Sucedió hace varios días en el estadio de Niquero, durante un partido de la serie provincial de béisbol de Granma, evento que durante años ha sido referente para el país.
Un integrante del cuerpo de dirección del equipo de Campechuela, en juego de semifinales, fue expulsado por el árbitro principal y en lugar de irse al dugout le asestó un puñetazo al ampaya. Pero este tampoco se quedó tranquilo, ripostó con otro derechazo.
Ambos golpes, enseguida, fueron subidos a Facebook y, al hacerse virales, generaron todo tipo de comentarios, incluyendo, increíblemente, algunos de aprobación.
Si tal pelea llega a estas páginas rebeldes no es por su «importancia capital» sino porque ha venido a engrosar la historia de reyertas, pleitos y violencia en las instalaciones deportivas cubanas, un problema que lleva años y años cantándonos el tercer strike.
Haciendo rápida retrospectiva recordaremos también que, el 21 de junio, en el estadio espirituano José Antonio Huelga, el equipo local y el de Ciego de Ávila, participantes en el campeonato nacional sub-23 de béisbol, se enrolaron en una lamentable trifulca, la cual, como escribió un colega, fue doblemente preocupante al producirse en categorías de formación, en las que «debe primar el desarrollo integral del atleta».
Entonces fueron sancionados diez peloteros, aunque muchos levantaron las voces a favor de castigos más masivos y ejemplarizantes.
Hace poco, también, en el beisbolito Manuel Alarcón, de Bayamo, se vivió una situación límite cuando, en un simple tope de las Pequeñas Ligas, padres del equipo rival —de una provincia vecina— estuvieron a punto de golpear al director del conjunto anfitrión. ¡Y todo eso, delante de sus hijos!

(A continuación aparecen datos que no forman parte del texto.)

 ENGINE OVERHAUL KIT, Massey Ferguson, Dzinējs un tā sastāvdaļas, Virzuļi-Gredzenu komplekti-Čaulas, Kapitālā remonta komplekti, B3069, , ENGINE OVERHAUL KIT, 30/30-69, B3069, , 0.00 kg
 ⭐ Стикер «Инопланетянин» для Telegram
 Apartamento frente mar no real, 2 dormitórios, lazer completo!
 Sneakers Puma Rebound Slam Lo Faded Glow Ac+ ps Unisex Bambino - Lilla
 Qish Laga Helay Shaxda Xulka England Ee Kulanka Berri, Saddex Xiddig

Pudiéramos unir la noche con el día enumerando otros casos, pero cada uno sería la advertencia de que en nuestro béisbol, como en otros lados de la Cuba de estos tiempos difíciles, se ha instalado esa peligrosa costumbre de resolver con guaperías y ofensas la más mínima divergencia.
Es la confirmación de que los agujeros de otro tiempo han ido creciendo hasta convertirse en cráteres por los que sale más que lava tremenda.

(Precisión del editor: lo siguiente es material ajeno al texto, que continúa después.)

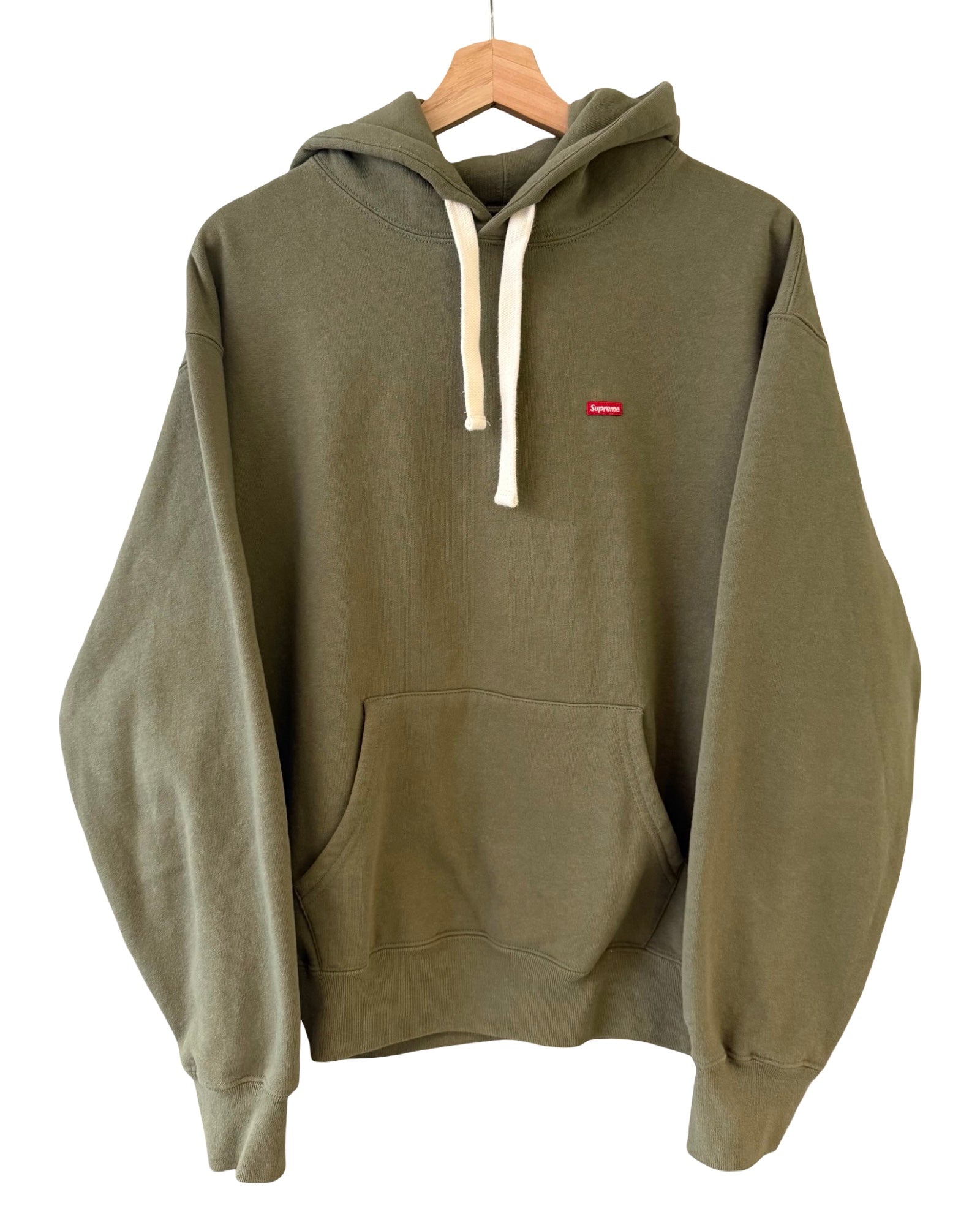 Supreme Small Box Logo Drawcord Hoodie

¿Qué pasará el día que ―no lo quiera el destino― alguien en una reyerta de este tipo tenga un final fatal? ¿Entenderemos a la sazón que desde hace rato se nos estaba acabando el partido crucial y no pudimos o quisimos darnos cuenta?
Detrás de ese puñetazo en Niquero, de los gestos antideportivos —los vemos hasta en edades escolares—, de la mencionada trifulca, de cada acto de disfrute por esas peleas subidas a redes sociales, de cada forma de violencia… hay más que arrebatos momentáneos. Hay sombras de irrespeto a las instituciones, las normas, el prójimo. Hay, en definitiva, un fallo colectivo, que no se cura con llamados a la conciencia.
Lo peor, lo verdaderamente doloroso y triste es que mañana, nuevos escándalos delante, sigamos normalizando el puño al aire, la bronca, la agresión.
En el futuro, cuando muchos de los niños que estuvieron aquel día gris en el beisbolito bayamés crezcan —tanto los de padres tranquilos, como los de padres belicosos— o cuando los de la trifulca del sub-23 sean maduros, probablemente recordarán que comenzaron a poncharse desde los ejemplos que les dieron los mayores. La pregunta que les caerá encima es si ya no será demasiado tarde para cambiar el swing y enderezar un resultado demasiado adverso.